There was an old man of Spoleto

Who spent all his days reading Plato.

He hadn't a name,

Which was rather a shame,

But his faithful dog, he was called Phaedo! Ha!

"Ah, no. That's hardly worthy of you," I

protest. But am secretly grateful for at least some

sound from Ryle, and I swing my chair round for a

better view of the two strangers. She sits with

her back to us. He sits opposite, peering at us

through the smoke and gloom of the long room.

"It's an eye-rime," Ryle replies. "It would work

better on paper. Your round, mate."

As I take the dozen or so strides across to the

bar, the young woman's voice catches my attention.

A foreign accent. Italian? Yes. Fat Albert has

the two Jamesons poured out by the time I get there

and, as he shoves them over, gives me a nod and a

wink as if to say, Catch these two sitting there--an odd

couple, eh?
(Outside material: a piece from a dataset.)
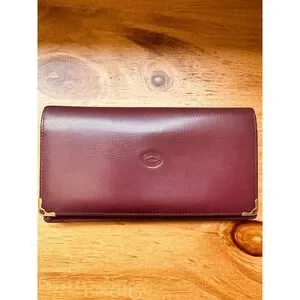 CARTIER Paris‎ Burgundy Leather Billfold Breast Waller 12 Card Holder Pre-owned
I see in the mirror, behind the fat white

shoulder and striped braces that Albert always

affected, that the dark man has seen "the look" and

half stood up, nearly knocking over their tiny

table. A dark man with a dark look. Neither a

Brit nor a Gailegore. No. Definitely not a Hippo-

Crit, as Ryle and I were wont to dub members of our

little inner circle of hypocritical literary

critics.

Speaking of members, I forgot to mention a

certain clubby characteristic we all shared, a

greeting consisting of a dip of the head to the

right, such as one finds in Ireland with locals

preparing to pass in friendly silence on a country

road.

And so I test him. Rather than turning my back

upon the newcomers, I hold the man's gaze in the

lookingglass, then turn round to meet his eye and

give the habitual headsignal.

He does not respond in kind, of course, but

pulls his intense black eyes away and asks

"Signore" Albert for two glasses of Cynar.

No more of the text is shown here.